La contestation exprimée par la Confédération syndicale des travailleurs du Gabon (CSTG) lors de son Conseil confédéral exceptionnel du 17 janvier 2026 soulève de réelles préoccupations. La dégradation du pouvoir d’achat, la précarisation de l’emploi et l’insuffisance des salaires nourrissent une colère sociale légitime.

Cependant, les griefs adressés à la Caisse nationale de sécurité sociale (CNSS), notamment ceux portant sur une prétendue confiscation de sa gouvernance par les pouvoirs publics, ne résistent pas à l’examen juridique.

Contrairement aux affirmations de la CSTG, la gouvernance de la CNSS est clairement encadrée par le décret n°0075/PR/MAS du 14 février 2024. Ce texte institue une gestion tripartite équilibrée, conforme aux normes internationales du travail :
6 représentants des confédérations syndicales,
6 représentants des employeurs,
1 commissaire du gouvernement, garant de l’intérêt général.

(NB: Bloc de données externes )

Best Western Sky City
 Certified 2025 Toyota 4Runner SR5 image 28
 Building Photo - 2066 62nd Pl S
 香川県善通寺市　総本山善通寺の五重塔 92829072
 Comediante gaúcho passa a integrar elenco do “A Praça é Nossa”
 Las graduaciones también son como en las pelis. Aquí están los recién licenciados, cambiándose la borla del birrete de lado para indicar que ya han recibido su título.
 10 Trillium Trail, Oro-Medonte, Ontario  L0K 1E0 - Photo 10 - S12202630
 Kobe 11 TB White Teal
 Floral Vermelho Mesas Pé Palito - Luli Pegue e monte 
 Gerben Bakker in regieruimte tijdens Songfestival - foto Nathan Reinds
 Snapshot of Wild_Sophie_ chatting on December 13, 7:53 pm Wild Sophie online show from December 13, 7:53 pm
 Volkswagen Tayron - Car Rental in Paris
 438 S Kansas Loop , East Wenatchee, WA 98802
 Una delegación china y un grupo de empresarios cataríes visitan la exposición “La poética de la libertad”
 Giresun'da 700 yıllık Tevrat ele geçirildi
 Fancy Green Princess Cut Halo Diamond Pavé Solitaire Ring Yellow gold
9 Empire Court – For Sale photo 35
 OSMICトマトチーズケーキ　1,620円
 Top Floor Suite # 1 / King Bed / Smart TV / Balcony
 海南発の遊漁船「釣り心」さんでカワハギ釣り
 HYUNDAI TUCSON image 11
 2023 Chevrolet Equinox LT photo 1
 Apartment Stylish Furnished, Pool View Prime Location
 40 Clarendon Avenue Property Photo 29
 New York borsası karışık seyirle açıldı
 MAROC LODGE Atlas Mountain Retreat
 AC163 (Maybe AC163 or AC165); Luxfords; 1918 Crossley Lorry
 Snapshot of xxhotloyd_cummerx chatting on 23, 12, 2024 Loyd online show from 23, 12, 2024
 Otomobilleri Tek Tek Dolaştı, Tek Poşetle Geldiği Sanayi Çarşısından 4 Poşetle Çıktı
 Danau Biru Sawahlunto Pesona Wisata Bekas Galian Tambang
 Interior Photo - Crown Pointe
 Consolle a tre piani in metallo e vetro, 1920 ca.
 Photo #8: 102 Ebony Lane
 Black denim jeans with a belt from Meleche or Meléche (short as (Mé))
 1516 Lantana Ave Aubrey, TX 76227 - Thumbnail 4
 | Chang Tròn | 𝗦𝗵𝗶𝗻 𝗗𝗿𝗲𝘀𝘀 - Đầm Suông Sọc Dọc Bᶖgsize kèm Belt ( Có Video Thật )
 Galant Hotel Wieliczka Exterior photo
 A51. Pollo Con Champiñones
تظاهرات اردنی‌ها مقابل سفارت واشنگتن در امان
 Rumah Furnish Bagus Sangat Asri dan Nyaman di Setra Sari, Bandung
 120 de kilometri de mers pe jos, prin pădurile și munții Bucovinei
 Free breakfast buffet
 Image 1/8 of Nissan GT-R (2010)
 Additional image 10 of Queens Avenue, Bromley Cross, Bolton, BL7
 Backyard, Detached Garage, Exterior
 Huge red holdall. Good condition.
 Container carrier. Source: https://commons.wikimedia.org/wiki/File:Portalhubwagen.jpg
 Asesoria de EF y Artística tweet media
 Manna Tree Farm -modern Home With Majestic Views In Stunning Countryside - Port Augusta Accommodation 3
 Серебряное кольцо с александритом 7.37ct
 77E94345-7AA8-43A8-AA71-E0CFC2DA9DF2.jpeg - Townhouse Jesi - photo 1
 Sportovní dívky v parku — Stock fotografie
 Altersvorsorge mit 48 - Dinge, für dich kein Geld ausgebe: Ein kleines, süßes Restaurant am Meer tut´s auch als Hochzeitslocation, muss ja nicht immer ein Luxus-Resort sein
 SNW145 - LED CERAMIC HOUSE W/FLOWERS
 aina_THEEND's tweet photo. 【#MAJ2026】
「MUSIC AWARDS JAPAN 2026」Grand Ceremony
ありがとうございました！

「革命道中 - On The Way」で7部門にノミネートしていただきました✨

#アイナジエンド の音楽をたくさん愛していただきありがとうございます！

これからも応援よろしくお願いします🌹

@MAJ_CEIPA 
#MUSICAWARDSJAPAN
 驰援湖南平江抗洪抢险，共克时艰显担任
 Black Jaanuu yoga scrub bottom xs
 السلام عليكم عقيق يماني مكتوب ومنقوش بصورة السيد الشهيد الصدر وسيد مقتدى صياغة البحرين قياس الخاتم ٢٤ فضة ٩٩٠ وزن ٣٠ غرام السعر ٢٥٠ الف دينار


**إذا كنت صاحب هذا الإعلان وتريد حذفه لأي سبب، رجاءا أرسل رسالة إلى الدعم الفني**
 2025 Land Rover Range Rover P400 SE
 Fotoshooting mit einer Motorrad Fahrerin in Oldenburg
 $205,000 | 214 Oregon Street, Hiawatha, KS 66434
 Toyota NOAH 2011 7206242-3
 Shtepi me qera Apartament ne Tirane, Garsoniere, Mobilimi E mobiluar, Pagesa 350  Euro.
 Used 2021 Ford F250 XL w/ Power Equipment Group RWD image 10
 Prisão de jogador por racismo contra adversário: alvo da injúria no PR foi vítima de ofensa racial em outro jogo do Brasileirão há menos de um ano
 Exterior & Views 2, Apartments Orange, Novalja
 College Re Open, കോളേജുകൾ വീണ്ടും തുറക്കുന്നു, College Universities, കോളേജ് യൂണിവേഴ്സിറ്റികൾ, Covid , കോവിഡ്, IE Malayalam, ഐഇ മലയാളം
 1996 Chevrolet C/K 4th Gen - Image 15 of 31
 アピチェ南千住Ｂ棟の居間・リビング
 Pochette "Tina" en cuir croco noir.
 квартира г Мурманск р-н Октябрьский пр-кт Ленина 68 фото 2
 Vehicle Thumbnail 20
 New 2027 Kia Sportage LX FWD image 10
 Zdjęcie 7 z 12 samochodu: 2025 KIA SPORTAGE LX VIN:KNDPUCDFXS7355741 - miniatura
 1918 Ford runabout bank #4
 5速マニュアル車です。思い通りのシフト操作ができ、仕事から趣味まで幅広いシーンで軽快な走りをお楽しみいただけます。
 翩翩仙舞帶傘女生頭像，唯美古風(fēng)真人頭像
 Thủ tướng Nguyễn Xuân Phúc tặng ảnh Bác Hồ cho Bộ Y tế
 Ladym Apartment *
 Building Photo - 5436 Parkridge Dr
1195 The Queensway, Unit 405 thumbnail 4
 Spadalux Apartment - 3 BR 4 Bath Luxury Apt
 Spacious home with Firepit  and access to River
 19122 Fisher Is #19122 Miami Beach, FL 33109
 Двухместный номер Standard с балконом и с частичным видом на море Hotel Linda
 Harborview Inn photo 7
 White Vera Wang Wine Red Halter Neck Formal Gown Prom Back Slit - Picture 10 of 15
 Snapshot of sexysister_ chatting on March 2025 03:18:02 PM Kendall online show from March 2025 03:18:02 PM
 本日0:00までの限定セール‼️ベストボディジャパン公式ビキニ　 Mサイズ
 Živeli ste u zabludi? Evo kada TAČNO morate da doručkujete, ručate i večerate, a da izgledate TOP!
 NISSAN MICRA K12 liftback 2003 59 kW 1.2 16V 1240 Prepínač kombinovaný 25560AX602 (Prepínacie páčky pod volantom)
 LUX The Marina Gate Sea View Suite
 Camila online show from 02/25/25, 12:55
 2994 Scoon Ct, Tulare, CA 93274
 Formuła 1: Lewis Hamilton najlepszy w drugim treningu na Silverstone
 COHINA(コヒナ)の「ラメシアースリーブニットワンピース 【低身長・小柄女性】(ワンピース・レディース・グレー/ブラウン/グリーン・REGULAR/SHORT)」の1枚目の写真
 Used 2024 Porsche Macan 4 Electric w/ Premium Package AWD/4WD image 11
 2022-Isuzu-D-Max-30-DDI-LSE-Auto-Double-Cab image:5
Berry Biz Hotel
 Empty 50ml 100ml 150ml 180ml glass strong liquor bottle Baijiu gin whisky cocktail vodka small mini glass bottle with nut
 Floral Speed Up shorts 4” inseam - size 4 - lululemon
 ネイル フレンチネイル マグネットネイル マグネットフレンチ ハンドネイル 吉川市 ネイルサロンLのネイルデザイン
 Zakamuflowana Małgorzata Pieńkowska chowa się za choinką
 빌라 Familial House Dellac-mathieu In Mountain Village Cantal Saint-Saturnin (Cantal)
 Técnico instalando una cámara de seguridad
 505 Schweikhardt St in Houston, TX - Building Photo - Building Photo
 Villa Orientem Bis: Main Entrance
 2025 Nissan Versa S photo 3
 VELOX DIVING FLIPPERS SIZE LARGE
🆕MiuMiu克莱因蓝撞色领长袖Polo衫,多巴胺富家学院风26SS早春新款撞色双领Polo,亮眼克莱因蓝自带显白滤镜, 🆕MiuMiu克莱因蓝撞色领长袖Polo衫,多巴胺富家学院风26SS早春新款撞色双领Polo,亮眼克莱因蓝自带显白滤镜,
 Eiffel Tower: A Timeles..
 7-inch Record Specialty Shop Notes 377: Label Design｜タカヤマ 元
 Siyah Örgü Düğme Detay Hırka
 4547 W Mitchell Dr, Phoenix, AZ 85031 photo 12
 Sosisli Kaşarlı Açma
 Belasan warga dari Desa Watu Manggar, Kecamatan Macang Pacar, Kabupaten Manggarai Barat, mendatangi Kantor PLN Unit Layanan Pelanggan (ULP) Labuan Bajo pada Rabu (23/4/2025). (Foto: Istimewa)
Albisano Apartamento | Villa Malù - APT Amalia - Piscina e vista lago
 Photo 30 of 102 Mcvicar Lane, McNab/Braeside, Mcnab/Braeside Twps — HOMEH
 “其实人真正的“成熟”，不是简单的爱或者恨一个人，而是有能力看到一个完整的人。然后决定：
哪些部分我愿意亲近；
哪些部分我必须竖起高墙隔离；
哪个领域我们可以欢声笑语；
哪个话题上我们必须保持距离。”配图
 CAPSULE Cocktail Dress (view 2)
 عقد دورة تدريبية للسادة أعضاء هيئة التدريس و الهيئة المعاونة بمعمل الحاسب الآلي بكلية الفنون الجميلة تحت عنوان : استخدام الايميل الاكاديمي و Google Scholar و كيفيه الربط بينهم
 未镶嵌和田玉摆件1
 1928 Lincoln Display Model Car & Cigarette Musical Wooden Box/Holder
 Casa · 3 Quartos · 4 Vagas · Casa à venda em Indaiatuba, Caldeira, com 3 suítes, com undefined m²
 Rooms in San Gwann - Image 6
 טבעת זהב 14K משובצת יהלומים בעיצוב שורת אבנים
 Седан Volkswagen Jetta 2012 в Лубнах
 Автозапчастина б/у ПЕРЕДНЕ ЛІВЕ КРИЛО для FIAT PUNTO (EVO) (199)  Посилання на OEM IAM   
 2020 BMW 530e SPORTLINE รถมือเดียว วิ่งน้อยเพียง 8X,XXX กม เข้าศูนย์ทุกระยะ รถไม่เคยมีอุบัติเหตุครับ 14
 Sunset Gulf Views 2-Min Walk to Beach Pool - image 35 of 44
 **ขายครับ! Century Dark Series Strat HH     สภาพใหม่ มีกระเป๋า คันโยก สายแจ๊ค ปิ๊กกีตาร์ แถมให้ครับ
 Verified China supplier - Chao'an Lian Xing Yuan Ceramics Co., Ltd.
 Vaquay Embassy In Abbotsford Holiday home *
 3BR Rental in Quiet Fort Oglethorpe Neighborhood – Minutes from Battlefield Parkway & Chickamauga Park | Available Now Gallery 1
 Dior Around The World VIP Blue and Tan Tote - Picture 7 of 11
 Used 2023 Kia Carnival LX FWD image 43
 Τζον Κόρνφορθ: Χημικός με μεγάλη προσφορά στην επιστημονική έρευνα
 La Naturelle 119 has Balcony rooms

Les travailleurs comme les employeurs sont donc pleinement représentés. L’État y exerce un rôle d’arbitrage, et non de confiscation. Parler d’exclusion relève davantage du slogan que de l’analyse des textes.

Depuis plusieurs mois, la CNSS a engagé un travail de fond visant à améliorer les conditions de travail de ses agents, à renforcer la prévention des risques professionnels et à moderniser la gestion des prestations.

Des actions concrètes sont en cours. Renforcement des inspections en matière de sécurité au travail, amélioration des procédures internes, professionnalisation des équipes et digitalisation progressive des services.

La prévention des accidents du travail n’est pas un simple discours. C’est un chantier permanent, complexe, qui exige du temps, des moyens et une coopération sincère entre tous les partenaires sociaux.

La CSTG a raison d’alerter sur la vie chère et les licenciements économiques, qui fragilisent les ménages et la cohésion sociale. Mais imputer ces difficultés exclusivement à la CNSS constitue un raccourci dangereux.

La sécurité sociale ne peut, à elle seule, compenser les déséquilibres macroéconomiques, fiscaux et structurels du pays. Le débat sur le pouvoir d’achat et la fiscalité sociale doit être global, responsable et étayé par des données objectives.

Le Gabon a besoin d’un dialogue social apaisé et constructif, fondé sur les textes, les faits et les efforts engagés. Opposer systématiquement les travailleurs à la CNSS, c’est fragiliser un outil essentiel de solidarité nationale.

La CNSS n’est pas l’ennemie des travailleurs. Elle est leur patrimoine social commun. Critiquer est un droit, informer correctement est un devoir.

À l’heure où le pays recherche stabilité et justice sociale, la responsabilité des acteurs syndicaux est aussi de reconnaître les avancées, de lire les textes et de participer activement à l’amélioration du système, plutôt que d’en noircir systématiquement le tableau.

La vérité juridique est claire. Le travail se poursuit.. Le débat mérite mieux que des procès d’intention.